Monitor system health

About monitoring system health

System administrators can use tools like Celery and Supervisor to monitor Intelligence Center tasks to check day-to-day operations, and to investigate in case of issues.

Monitor the Intelligence Center to ensure normal operation to research and identify the root cause of an issue, and to inspect the status of key Intelligence Center processes such as incoming and outgoing feeds, enrichers, ingestion queues, and tasks.

In the current context, monitoring covers on/off status only: the tasks and the commands described here enable verifying whether a task, a process, or a component is running or not.

Metrics and other types of measurements are outside the scope of the topic.

System administrators and DevOps engineers can run quick checks to inspect Intelligence Center operation, to identify issues and review errors, so that they can address them in a timely manner.

About root-level access

To successfully execute commands in the command line or in the terminal, you may require root-level access rights.
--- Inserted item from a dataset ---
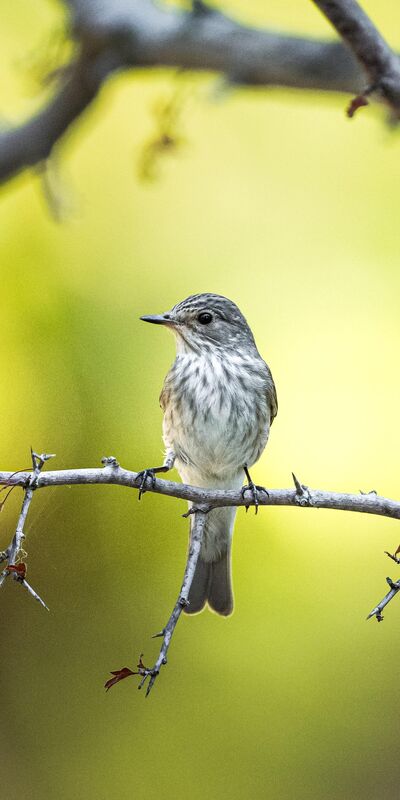 Göçmen kuşların durağı: Karacabey Longozu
  • Obtain root-level access by running sudo -i:

    # Root-access login shell
    sudo -i
  • To access resources as a different user than the currently active one, append -u:

    # Grant the currently logged in user root-level access
    sudo -i
     
    # Grant root-level access to a different user
    sudo -i -u ${user_name}
     
    # Run a command as a different user, with root-level access
    sudo -i -u ${user_name} ${command} ${options}

Tools

Celery

The task runner.

It manages task execution and scheduling.

Redis

The message broker.

It handles background task processing by managing message queues based on the pub-sub pattern.

systemd

The initialization system to bootstrap processes and start services.
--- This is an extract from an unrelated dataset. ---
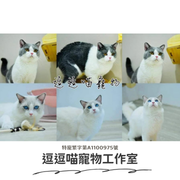 逗逗喵寵物工作室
The process manager to start and stop processes.

Core components

Component

Address

Port

elasticsearch

localhost

9200

kibana

localhost

5601

logstash

localhost

6755

neo4j

localhost

7474

7473

eclecticiq-neo4jbatcher

127.0.0.1

4008

nginx

${web_server_name}

80

443

opentaxii

127.0.0.1

9000

platform

localhost

8008

postfix

${postfix_host_name}

25

587

postgresql

localhost

5432

redis

localhost

6379

statsite

127.0.0.1

8125

Monitoring

Intelligence Center monitoring covers two main areas:

Services

platform-api

The web application implementing the Intelligence Center API and the API endpoints.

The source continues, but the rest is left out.